No, eight (ish) reindeer and one Australian version of St. Nick himself did not visit Rockefeller Center for some touristy fun to see the twinkling tree after an afternoon of SANTACON-ing, nor did they spend upwards of an hour posing for pictures with precious cherubs who wanted up close and personal shots with the jolly old elf himself... and his antler-wearing chaffeurs, of course.
And no, those eight (ish) reindeer did not watch their fair Vixen befriend the three ten-year-old boys who are all up for the lead in Broadway's Billy Elliot, nor did the voluptuous reindeer-ess show those Broadway bounds her box step, dance-off style, outside Radio City Music Hall, only to be--quite literally--out stepped by their aerial cartwheels and triple pirouettes.

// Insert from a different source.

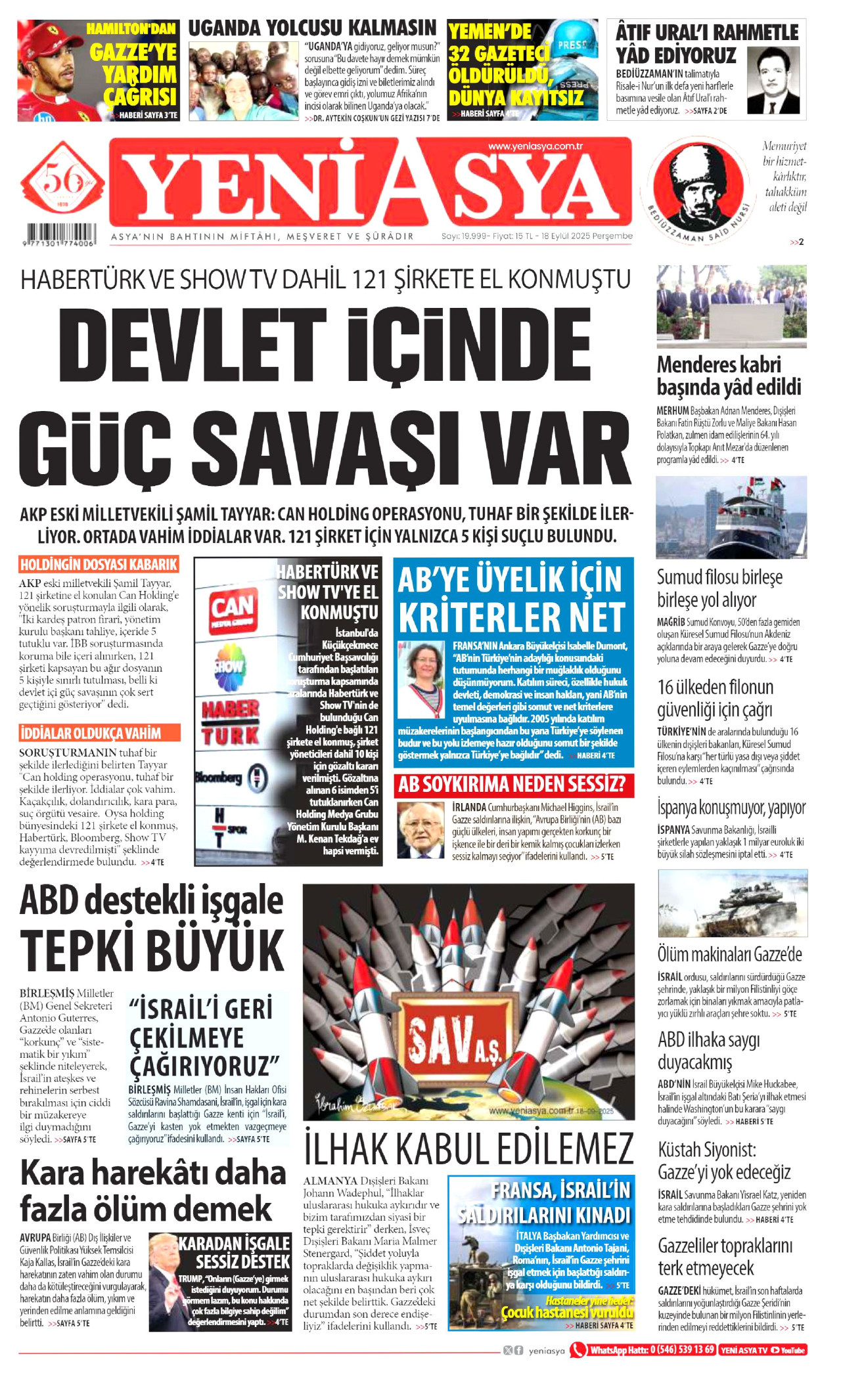 YENİ ASYA gazetesinin 18 Eylül 2025 tarihli birinci sayfası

Ha. If only I just told the truth... Can your weekend top that?!

Ho Ho Ho,
KR

Wednesday, December 1, 2010

Do You Zumba!?

Well, as of 6:15 yesterday, at the underground 50th St. den of the fit and fabulous otherwise known as “chic-quinox” (thank you, AC!), I do! And I am absolutely hooked! For 45 sweaty minutes, I shook my “hips” and shimmied my “shoulders” to the tune of salsa, meringue and hip hop beats, all for the famed “leaner, longer bod” that Zumba! promises. Now, as a lassie from the Emerald Isle, I should probably stick to the jig and nothing but the jig. My grooving grace is less than fabulous, despite what I might think at 2:59 AM on Friday and Saturday nights when, while approaching last call at whatever Lower East Side dive I tend to find myself in by that point in the evening, I dance my nights away, truly convinced that I have more rhythmic clout than a Rockette. Or a Knicks City Dancer, like my Zumba! instructor, Cindya. (Seriously, I don’t mess around.)

But did I care? No way! I had a blast, I burned mad calories and I didn’t even think twice about the sad but true fact that my krumping looked like a spasm straight out of The Exorcist.

Pumpkin Pie’s got nothing on this Zumba!-ing machine!